* [DATASET EXCERPTS]
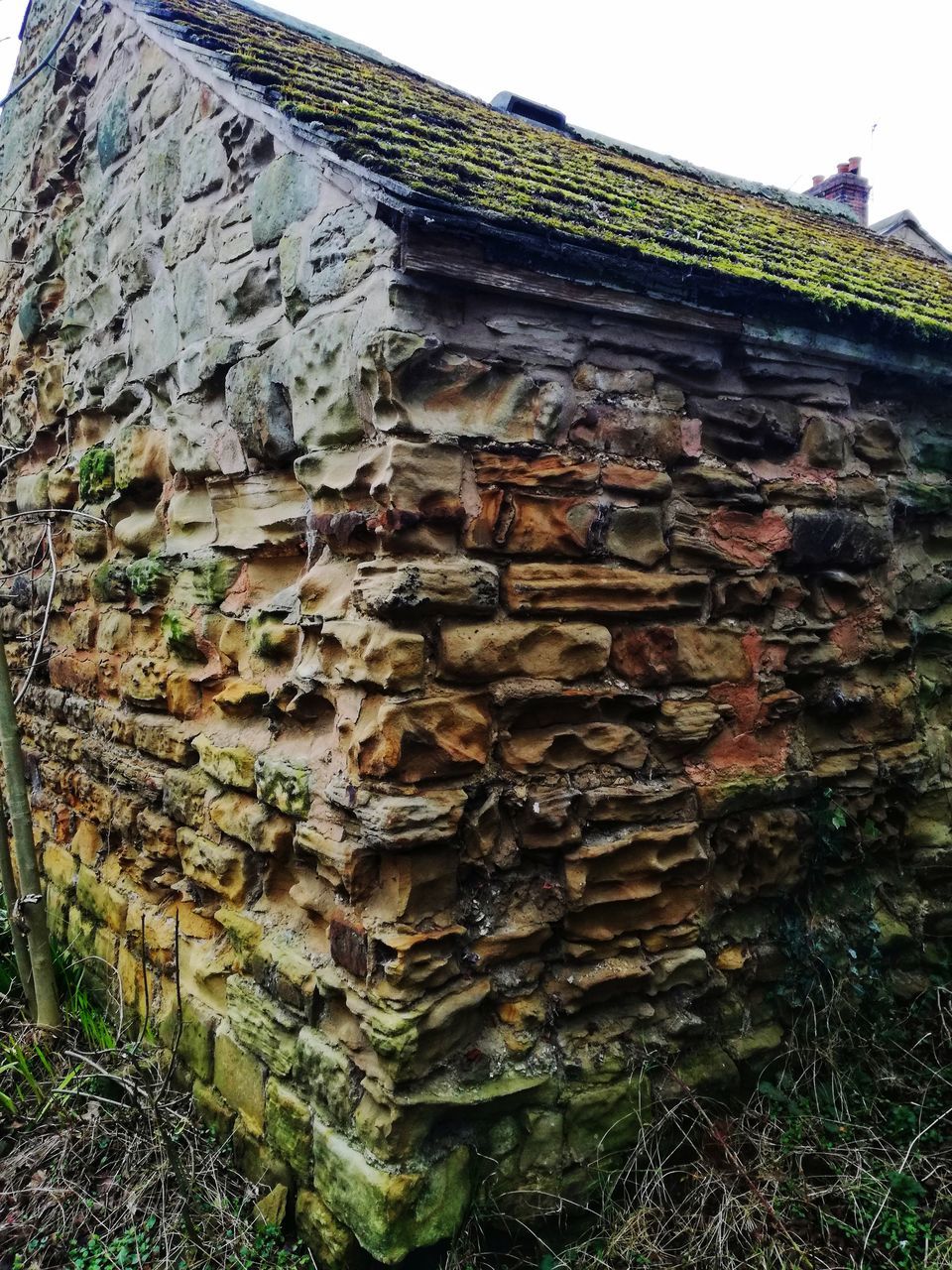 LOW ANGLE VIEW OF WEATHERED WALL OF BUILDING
* * *
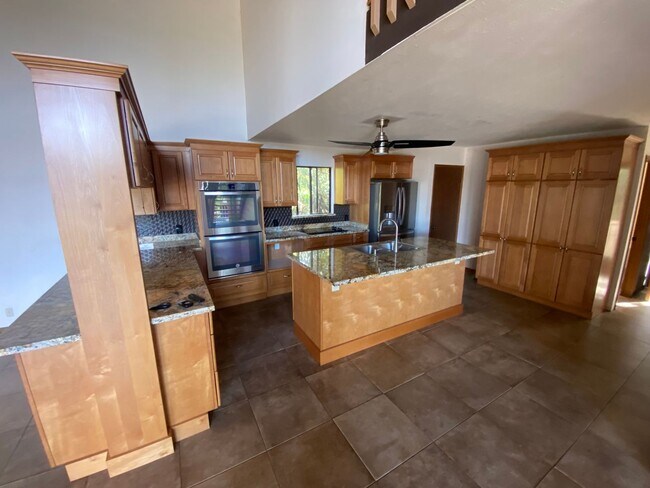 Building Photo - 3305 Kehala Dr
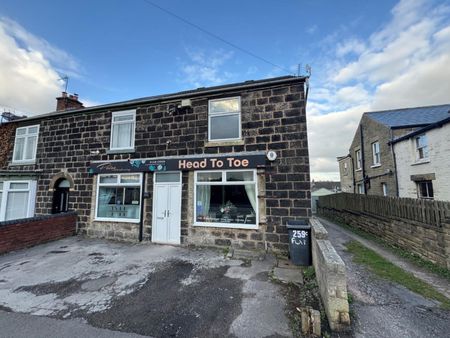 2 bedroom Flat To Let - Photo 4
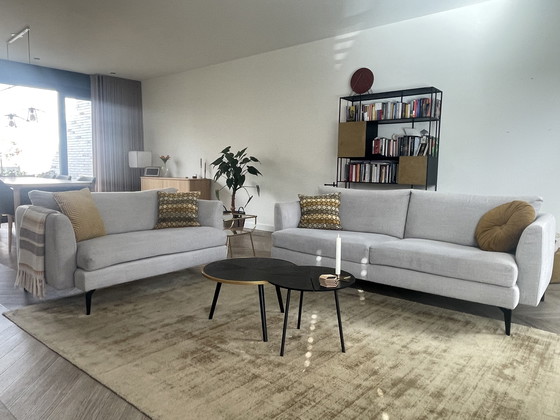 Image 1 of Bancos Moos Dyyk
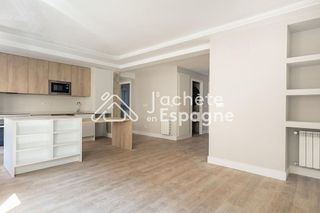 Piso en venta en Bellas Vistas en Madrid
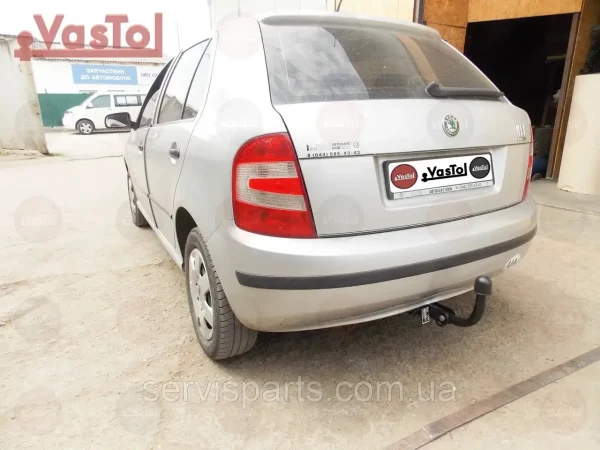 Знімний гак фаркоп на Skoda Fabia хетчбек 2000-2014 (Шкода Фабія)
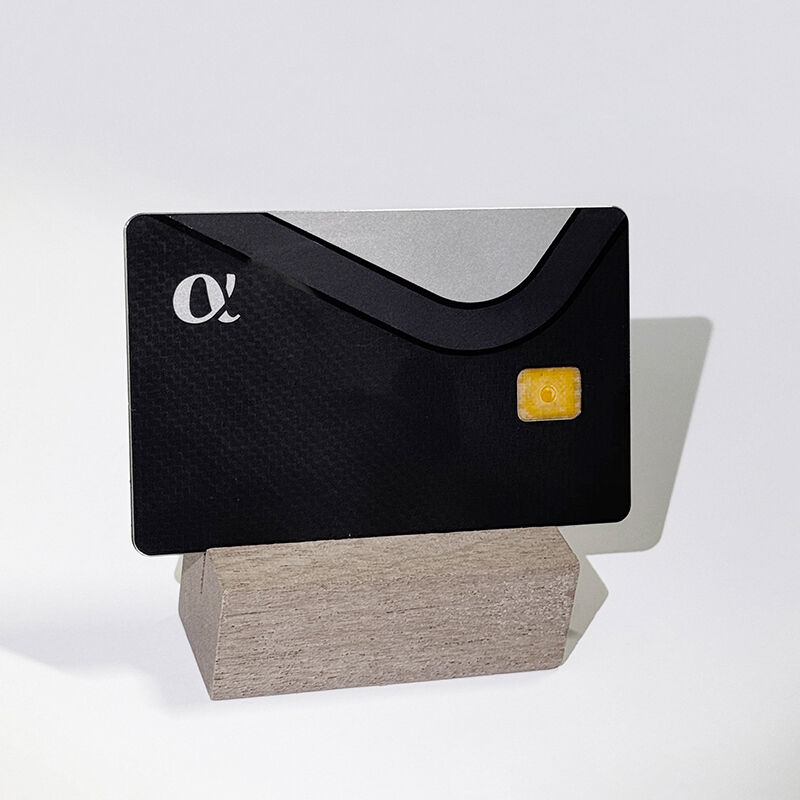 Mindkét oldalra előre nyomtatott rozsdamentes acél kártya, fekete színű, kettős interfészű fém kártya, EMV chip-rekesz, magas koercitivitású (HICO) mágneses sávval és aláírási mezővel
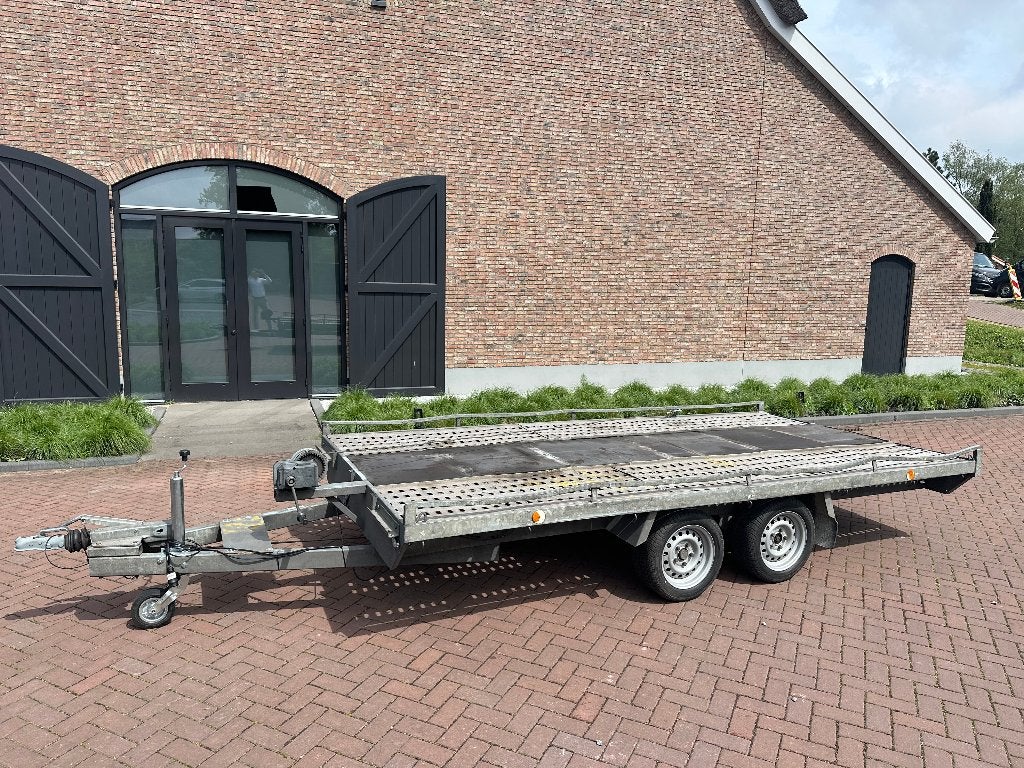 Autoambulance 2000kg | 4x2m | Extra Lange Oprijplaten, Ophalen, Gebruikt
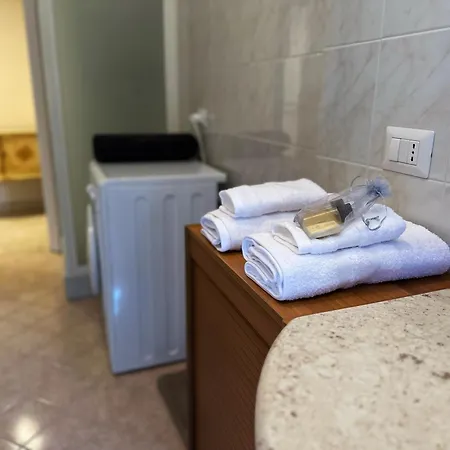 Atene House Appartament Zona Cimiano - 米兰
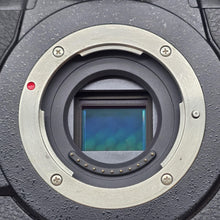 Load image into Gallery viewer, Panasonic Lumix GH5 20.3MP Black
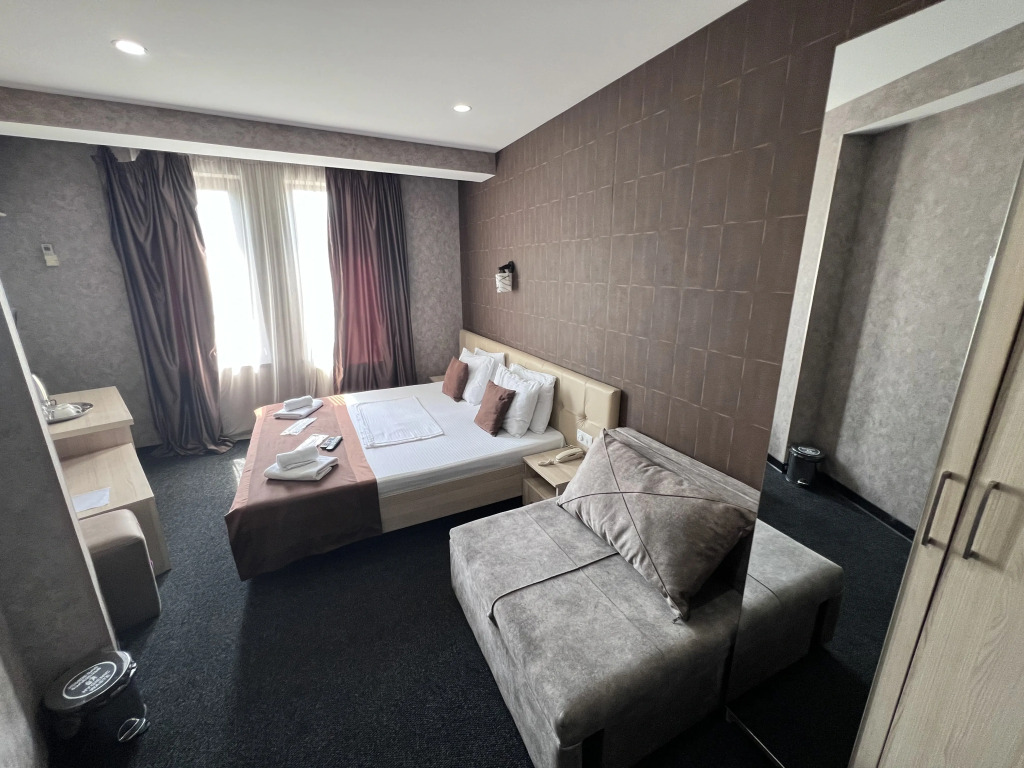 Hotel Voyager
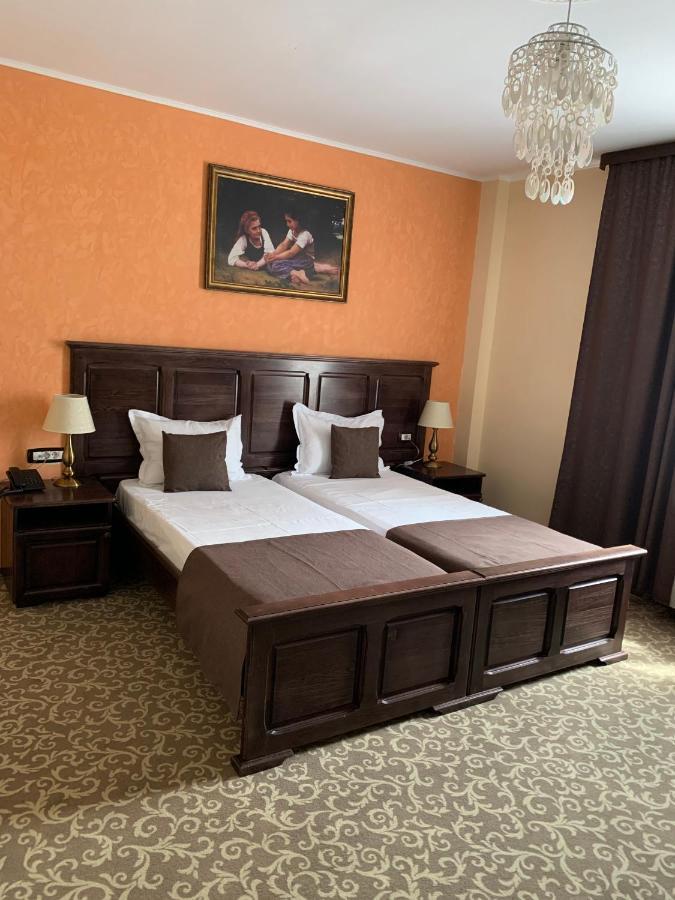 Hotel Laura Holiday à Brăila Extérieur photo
---
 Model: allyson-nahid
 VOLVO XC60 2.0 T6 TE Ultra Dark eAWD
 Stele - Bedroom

* [WHAT THE EXERCISE ASKS] The stretch to restate runs from the line above containing "2 bedroom Flat To Let - Photo 4" through the line containing "Hotel Laura Holiday à Brăila Extérieur photo". Copy it word for word, ends included, without pictures.

* [RESULT FOR THIS TASK]
 2 bedroom Flat To Let - Photo 4
 Image 1 of Bancos Moos Dyyk
 Piso en venta en Bellas Vistas en Madrid
 Знімний гак фаркоп на Skoda Fabia хетчбек 2000-2014 (Шкода Фабія)
 Mindkét oldalra előre nyomtatott rozsdamentes acél kártya, fekete színű, kettős interfészű fém kártya, EMV chip-rekesz, magas koercitivitású (HICO) mágneses sávval és aláírási mezővel
 Autoambulance 2000kg | 4x2m | Extra Lange Oprijplaten, Ophalen, Gebruikt
 Atene House Appartament Zona Cimiano - 米兰
 Load image into Gallery viewer, Panasonic Lumix GH5 20.3MP Black
 Hotel Voyager
 Hotel Laura Holiday à Brăila Extérieur photo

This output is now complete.